Par sa culture, Bolin tend à
une peinture ouverte. Mais son tempérament de Nordique dont les
ancêtres ont connu les hivers interminables l’oblige à y intégrer une
vite intérieure intense qui tend à se fermer sur elle même. Son œuvre
est le récit de ce combat dont il sort victorieux.
Georges BOUDAILLE
Préface catalogue exposition Musée Galliera Paris Décembre 1973 –
Janvier 1974
Georges Boudaille (1925 -1991) était un journaliste et un critique
d’art français.
De
1958 à 1972 il a dirigé la section « arts plastiques » de la revue Les
Lettres Françaises dirigée par Louis Aragon.
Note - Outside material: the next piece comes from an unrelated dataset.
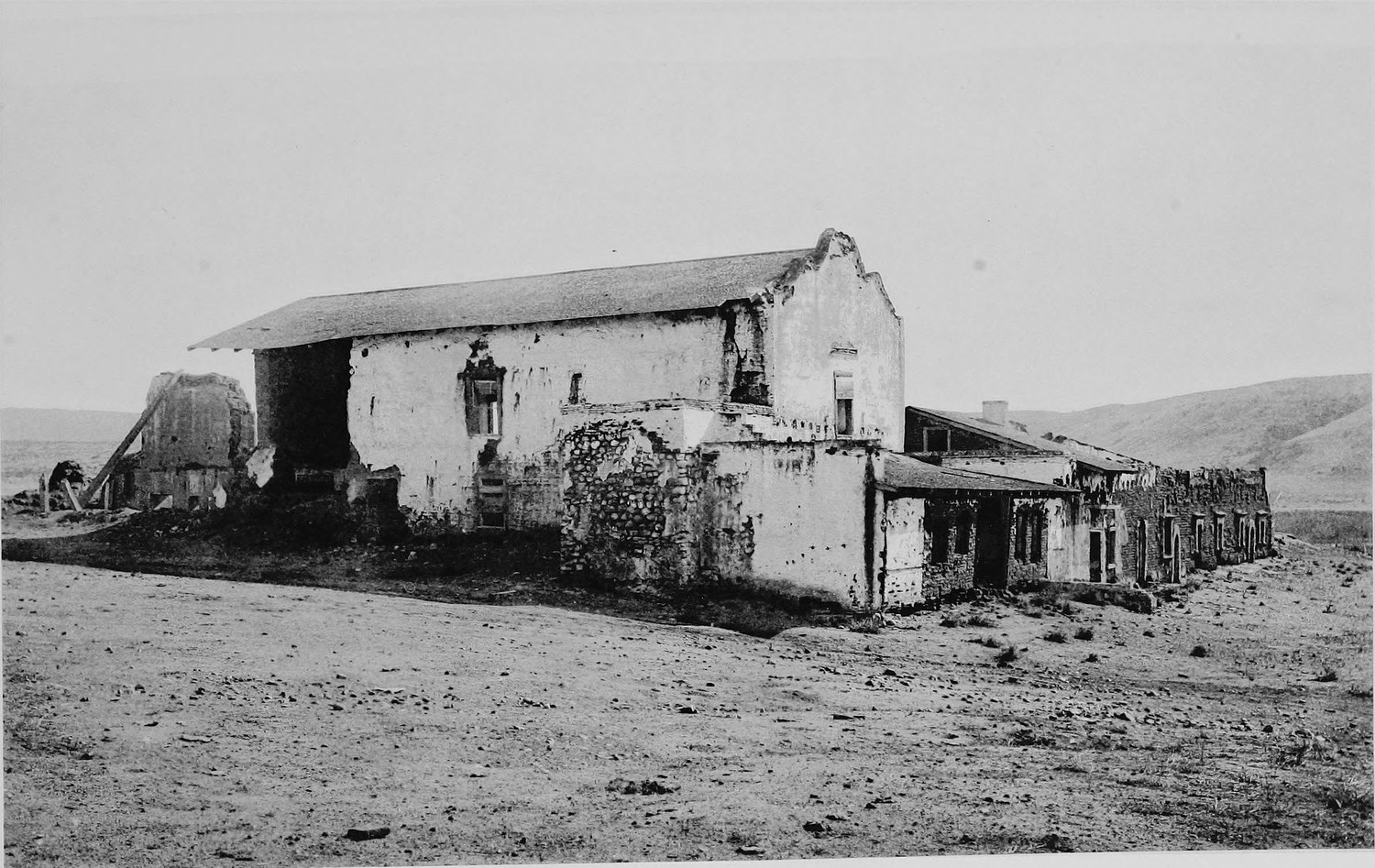 A long adobe mission church with a gabled roof and a crumbling ruined facade, standing alone on open dry ground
Il a joué un rôle
important auprès de l'architecte Jean Nouvel qu'il a conseillé et
orienté, tout comme les jeunes artistes du mouvement Supports/Surfaces.
Georges
Boudaille a également été Président de la section française de
l’Association internationale des critiques d'art de 1969 à 1974.
À partir de 1971, il est nommé délégué général à la Biennale de Paris.
Il est aussi l'auteur d'un grand nombre d'ouvrages sur les peintres,
l'architecture, la peinture et l'art en général.